Miles Kim’s internship at Princeton Plasma Physics Laboratory

 

Miles Kim is a senior mechanical engineering major who spent last summer interning remotely at Princeton Plasma Physics Laboratory, which is located in New Jersey. Although engineering majors are not required to have an internship to graduate, a professor encouraged Kim to apply for one because it provides valuable experience that can help with finding a job after college. 

Kim applied to 12 internships that he found online, and was accepted into the Princeton Plasma Physics Laboratory and put to work designing a small casing to protect people who will eventually work with a fusion reactor. However, Kim felt like he was thrown into the deep end when he began his internship: “The guy I got hired with met with me once and told me really vaguely what I was supposed to do and then turned me loose. I was supposed to be putting in 40 hours a week and I have no idea what I’m doing.”
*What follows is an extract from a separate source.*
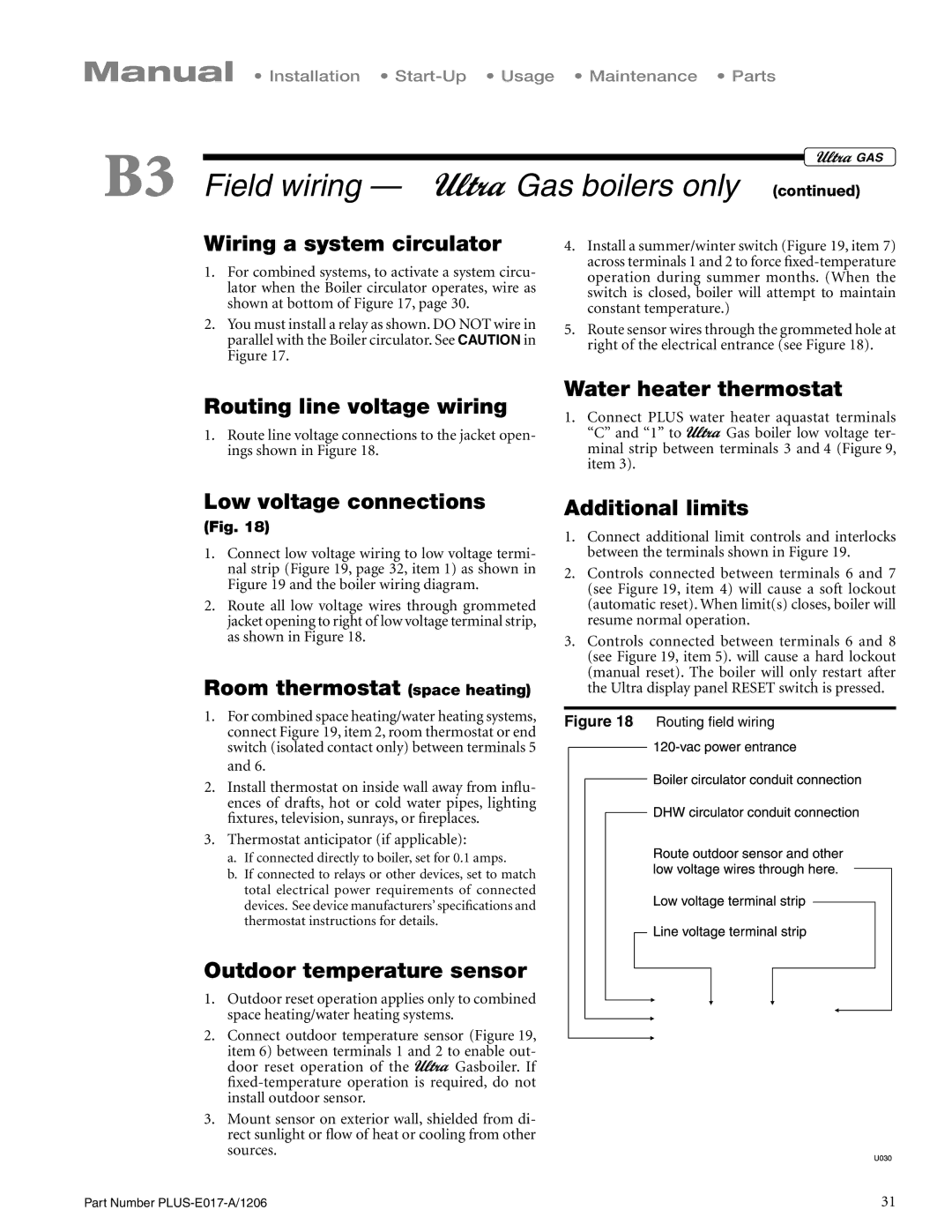 Weil-McLain PLUS-E017-A/1206 manual Wiring a system circulator, Routing line voltage wiring, Water heater thermostat 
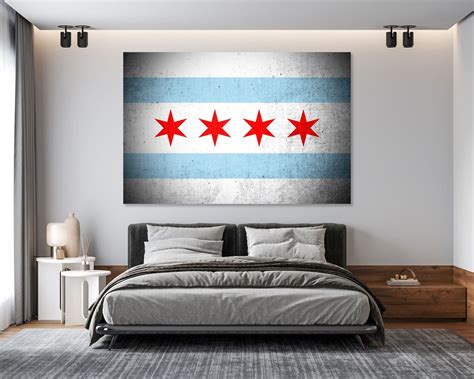 Chicago Flag Wall Art Chicago Flag Wall Decor Chicago Flag - Etsy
So, Kim decided to buckle down and teach himself. He created charts and graphs. He conducted independent research and read papers. He “started attacking one thing at a time.” Slowly, he was able to understand his role at the laboratory, and by the end of the summer he had completed a 71 page paper. 
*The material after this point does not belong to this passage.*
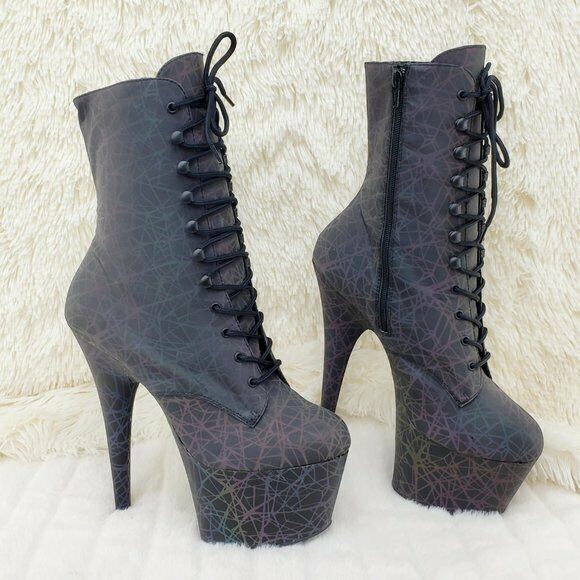 Adore 1020REFL Geo Reflective Upper Platform 7" High Heel Ankle Boots NY - Totally Wicked Footwear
Kim said of the experience, “It was really scary and frustrating at first because I didn’t know what I was doing, but by the end I was having a lot of fun and I made a lot of progress. The stuff that I did isn’t being used right now, but 10 years down the road when they finally build [the casing] they will start with my work.”

The internship helped show Kim that he wants to pursue math, which he loves, and physics. Because of the internship, he has decided that he wants to work with plasma physics, specifically nuclear fusion, which is a clean energy source. Kim plans to attend graduate school next year.

As shown by Kim’s experience, internships have many benefits including increasing the probability of being hired, giving valuable experience, and boosting a resume. The National Association of Colleges and Employers reports that employers rank internship experience “as the top differentiator between two equally qualified job candidates.” It can therefore be worthwhile to apply for internships even if your major doesn’t require one. 

Kim encourages engineering majors specifically to pursue internships, saying, “Even though it’s not required, an internship is a really good way to figure out what you want to do and if you enjoy it.” 


Posted on January 5, 2022




 

Miles Kim is passionate about math and plans on pursuing a career in nuclear fusion.